Books written by Ray Sullivan

Monday, 17 October 2011

Blue Sky Thinking - Part One

I have a view is that most major technology evolutions, or even revolutions, are initially a little ugly in hindsight, functionally over ambitious and destined to be hi-jacked by others in the same field who don't have the same emotional investment.  I think we also see a progressive merging of technologies over time and eventually get to a state where the end product is more than the sum  of its parts.
With that thought in mind I'm going to discuss some of the daft ideas I have for a brave new future - I'm expecting some rolled eyes and critical comments, bring them on!

For today, I'm going to look at the issue of power - electrical power.  We all know that the country is heading for an energy crunch and we've seen how vulnerable we are due our dependancy on gas from abroad.  Now there's been a lot of development in roof mounted solar panels in recent years and a scheme, about to be canned next April by the Government, has encouraged people to have solar panels fitted to their house roofs.  The scheme allows power generated in this way to be used by the household with the panels, with anything not used being sold back to the national grid at four times the cost of buying units.  The householder pays for the purchase and installation.  Some commentators say the payback period is twenty-five years, others claim  just four.  The crux of the issue to me is two-fold, regardless of the payback period.  First, the scheme only works because of an unrealistic subsidy (which is going to cease soon) and second, the finished panels are aesthetically awful.

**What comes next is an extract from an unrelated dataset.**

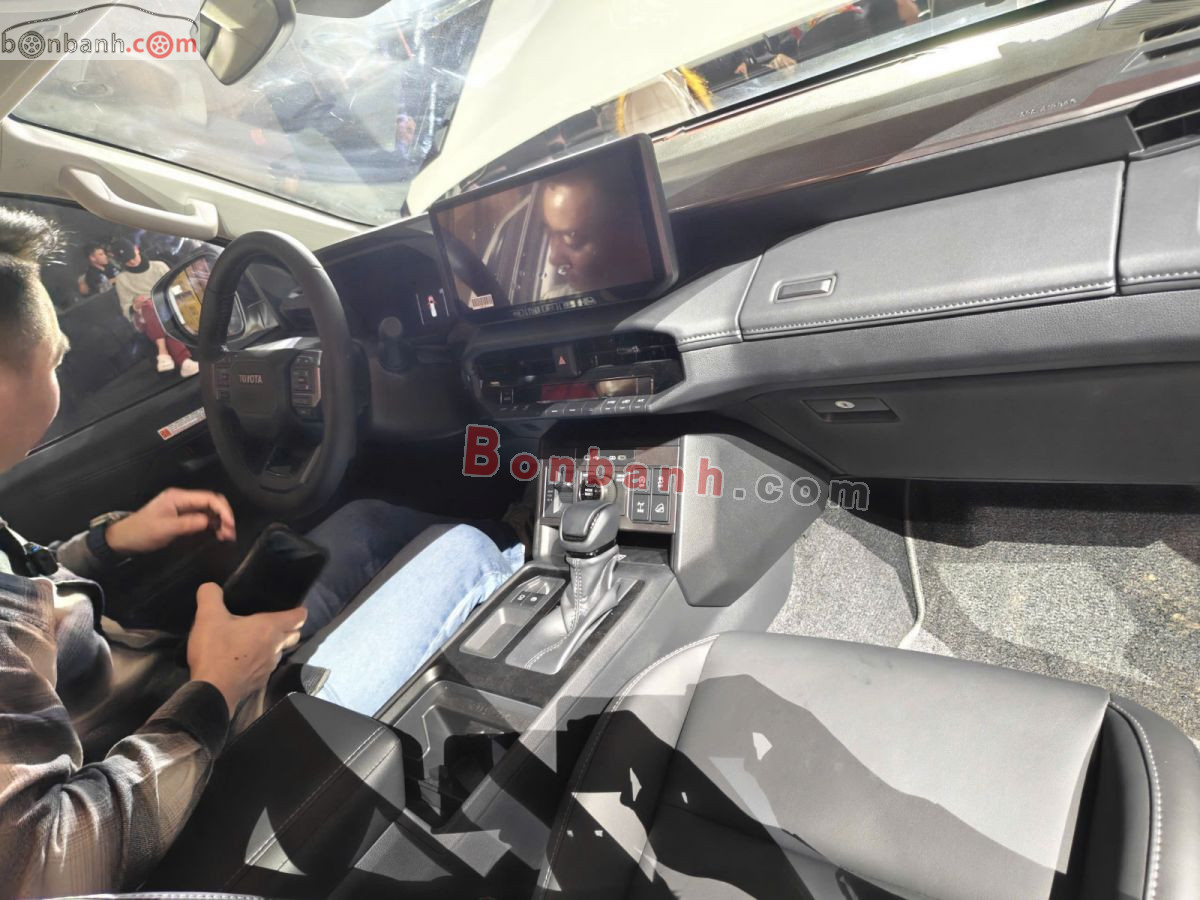 Bán ô tô Toyota Hilux Trailhunter 2.8L 4x4 AT - 2026 - xe mới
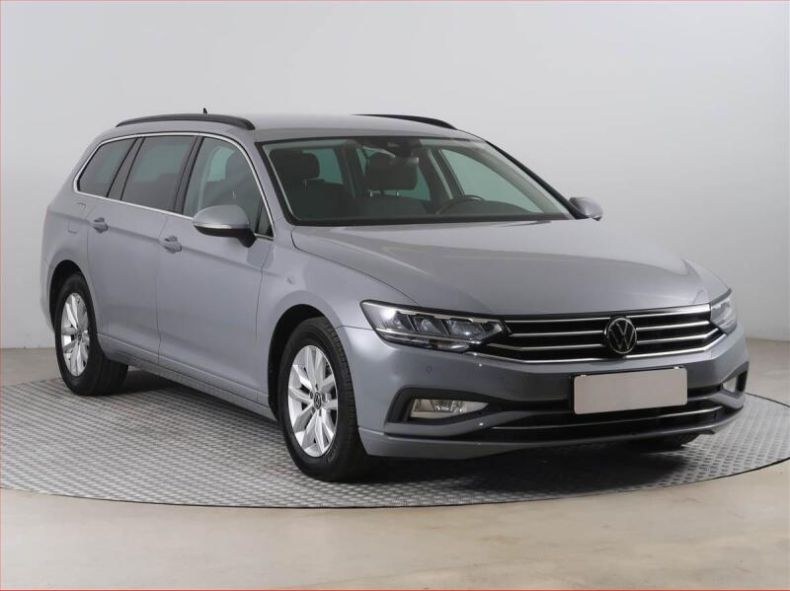 Volkswagen Passat - hlavní fotka inzerátu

Now my view is that the core idea has a lot of merit - look at any street in your city, town or village and think about how many square metres of roofing there is.  The current scheme of plonking a few ugly panels almost at random is only scratching at the surface of the potential (if the electricians don't mind the pun).  Here's my view on how the scheme should run:

First, there should be development of tiling materials that are individual solar panels but mimic the look, feel and weatherproofing capabilities of current (sorry, electricians) ceramic tiles.  I can foresee ceramic tiles manufactured using traditional methods being treated post manufacture in a suitable voltaic material, preferably one that looks natural from the ground.  In time, I would expect the tiles to be manufactured with the voltaic capabilities in one manufacturing step.

An obvious objection to be raised here is that the average electrician probably doesn't have the life disregarding temperament of the average roofer; the average roofer probably shouldn't be let anywhere near an electrical generating device with the potential to burn down a house if not installed and maintained correctly.  This implies a re-skilling process is needed, especially as I would consider such an installation would need certifying on install and on periodic maintenance.

I also don't think the roof should be installed by the householder, nor paid for by them.  In my blue sky world the initial target for the roofing material would be new build houses, with the roof installation paid for, and owned by, the energy companies.  The owners of the houses would own and be responsible for everything up to and including the soffits, but the roof would never belong to them.  Their responsibilty would be limited to not doing anything that could compromise the roofing and ensuring appropriate access for maintenance.

The benefit for the householder for relinquishing the ownership of the roof is that any power generated would be allocated to their house before anything else.  Any surplus would belong to the energy company owning the roof.  Additionally, any power drawn in excess of the instantaneous generation would be paid for at the normal rates.  Which means the houses should be self sufficient in energy terms during the day, even in the winter, but would incur energy costs out of daylight hours.  At least that's a starting point.  As we're discussing new build at this point they would be designed to optimise the electricity generated to minimise their need to buy power back.

Over time there could be a retrospective programme to address the existing housing stock.  Couple this with energy storage schemes, the amount of energy needed to be generated in the long term by power stations could be a fraction of the present amount.

In the next blue sky blog, I'll be moving inside the house, briefly.